Salta al jueves una parte de Madrid helada y blanca, y otra negra, como de luto, asimilando una lección. Todavía restallan ecos obvios de una noche difícil de digerir para algunos, por suerte los menos, y especialmente completa para otros: no podía ser de otra forma en un Estado dicotómico y de división. La culpa la tiene Arbeloa, para variar. Un futbolista al que los que más entienden de esto, que no son jugadores ni entrenadores, no pueden ni ver. Su relación turbulenta con los micrófonos y las líneas quedó ya explicada, y de ahí viene todo lo demás. La cima del mausoleo a su figura la coronan los sabedores, pero por su caída de mármol resbalan todos los que aspiran en silencio a ser como ellos, porque, no nos engañemos, uno de los principales males del Periodismo es ir erróneamente atribuido a la fama y el reconocimiento y en consecuencia, que cualquiera sueñe con parecer periodista en la medida en que resulta la manera más fácil de atraer las copas gratis y las chicas caras. Todo falso. Como la presunta incapacidad del ser, que harto de las lecciones tácticas y de las sensacionales apariciones donde le toca -atrás, en defensa-, tensó sus músculos y fue único, recordando a los mejores laterales en ataque de su promoción y de la anterior, marcando, asistiendo, provocando un penalti no pitado y hasta rozando el doblete.

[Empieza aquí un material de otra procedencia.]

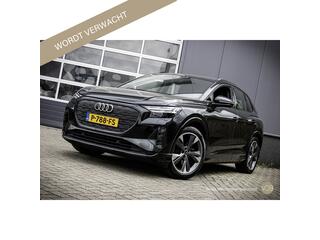 audi-q4-e-tron-35-launch-edition-ad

Pero la clave no radicó en el alarde por su lado y en algo que no es lo suyo: sino en que luego le tocara ir a la izquierda, y no sólo no gesticulara o torciera la boca, sino que se siguiera ofreciendo y volviera a aparecer por arriba y por abajo, hasta desbaratando ataques rivales. Frente a uno en superioridad numérica pero no mental que se deshizo ante su empuje y el de un equipo al que le basta acertar para golear, sin necesidad de dominar nada, lo cual es otro sigo de grandeza. Arbeloa, canterano de ida y vuelta, repescado, útil para entrenadores tan diversos y que tan diferentes sentimientos despiertan en ese Olimpo de café y churro, sobrado de energía y competitividad -hasta el perseguidísimo Carlos Martínez tuvo que reconocérselo, sosteniendo con gracia su equilibrio en una cuerda finísima sobre el abismo-, devolvió la pelota a los odiadores de facto y les recordó que ni el Periodismo puede ir de odiar, ni la vida de arrastrar reivindicaciones pendientes. Él desde luego no parece necesitar callar la boca a nadie, como sí hacen por lo visto para sus groupies y una vez al semestre tantos ídolos a los que fue tan barato elevar. Álvaro nunca será un ídolo porque ha llegado tarde al fútbol de la exuberancia, pero como ejemplo, seguirá vivo hasta que se canse él, porque lo que es cansarle, está visto que no le van a cansar los demás. Arbeloa será el tipo normal a seguir, el ejemplo medio para el niño medio. El que destaque irá a pelear por el Balón de Oro y el que no, a Periodismo, como reza el dicho y no por nada.
Artículo publicado tras el partido de Champions League que enfrentó a Real Madrid y Galatasaray (4-1).